I don’t particularly like rick rack braid apart from the really tiny stuff which looks lovely on borders if you have the patience to stitch it on, so this was something that I didn’t have in my stash.  I went to Flo-Jo in Bristol which is a great shop selling fabric and haberdashery and running workshops and dressmaking classes.  It is run by really lovely enthusiastic people and stocks particularly gorgeous ranges of unusual fabric.  Of course, they had a range of rick rack and I bought some red, pink and orange.  Old Baltimore quilts seem to me to delight in virtuoso effects and experimenting with the latest thing, and they often have 3D elements like these roses.  They are really simple to make.  You take two pieces of rick rack, twist them together like plaiting and then roll them up.  The final stage is to pull back the outer rounds to make unfolding petals.  There are lots and lots of demonstrations of this on You Tube in particular, and they are mostly stuck together (opinion varies on the merits of a hot glue gun), but I stitched mine for authenticity (although I expect the ladies of Baltimore would have used a glue gun if they had had one available).  As an aside, there was a wonderful video of a woman making daisies rather than roses out of rick rack which she then fills with pearls and sticks on lace and which are really not to my taste.  At the end of one of the videos she makes leaves out of synthetic ribbon.  ‘You need to burnish [i.e. singe] the ends together,’ she trills gaily and proceeds to take what looks like one of those things used to light gas rings on cookers and to waft it in front of her ribbon, slightly singeing her fingers.  ‘It doesn’t hurt,’ she says, ‘well not really.’  I am not sure that I really want to scorch my finger ends for ribbon leaves but it doesn’t seem to do her a lot of harm.  Pyrotechnics aside, there are some very clear tutorials available, and, of course, fans of Baltimores will know that Elly Sienkiewicz’s books contain explicit and well-illustrated instructions, particularly her book on dimensional applique.
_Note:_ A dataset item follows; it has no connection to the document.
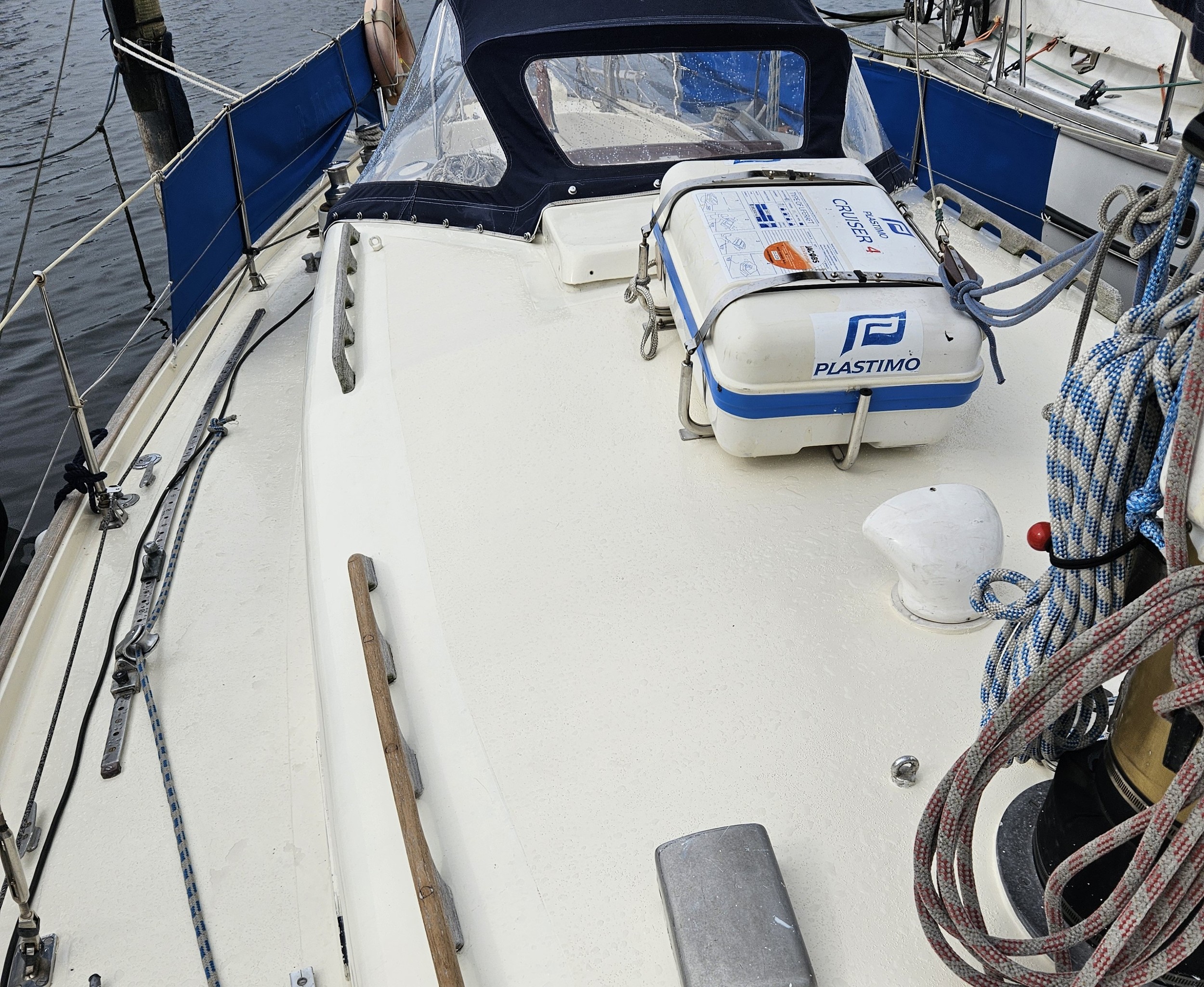 foto: 15 Frans Maas Raider 35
I am not sure if you can tell from the photograph at the top but I made a big central rose of red and pink twisted together, and four large red roses and four small pink ones.  They are really good fun and quick to make, and the best bit is at the end when you pull back the outer rounds and the rose almost leaps forward.  The You Tube demonstrators tend to stick them on rings or brooches or hair slides.  I would just recommend going easy on the lace.
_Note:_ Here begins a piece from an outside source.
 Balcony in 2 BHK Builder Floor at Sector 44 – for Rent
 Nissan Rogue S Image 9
I finished off with some big mint green leaves with the veins done this time in fly stitch.  In the end, I rather liked the naive charm of the piece, and I think it is an interesting example of something I have written about before: your relationship with your work.  You might think that you have finished, but your work will whisper, or shout very loudly as it did here, that it is not finished.  And you have to finish it because otherwise it will go on shouting until you do.

More embroidery

My last post was about the fox piece that I started at the Mandy Pattullo workshop I attended.  I really like Mandy’s work and I wanted to do a bit more with some of the ideas that we discussed at the workshop, so here are a couple more pieces.  They are worked on top of a variation of a hexagon rosette all done in Laura Ashley fabric and then applied to a base.  These were then washed at 90 degrees and tumble-dried.  This gives a nice antique-y feel to them, but it also makes what is already pretty dense fabric almost impossible to stitch into.  I live and learn.  I thought just embroidering through the top layer would be okay but the furnishing (decorator) weight, if anything, got denser rather than softer.  Still, the end results were pretty and confirm me in my view that more is more with regard to decorative pieces.  A few tasteful marks would have been useless.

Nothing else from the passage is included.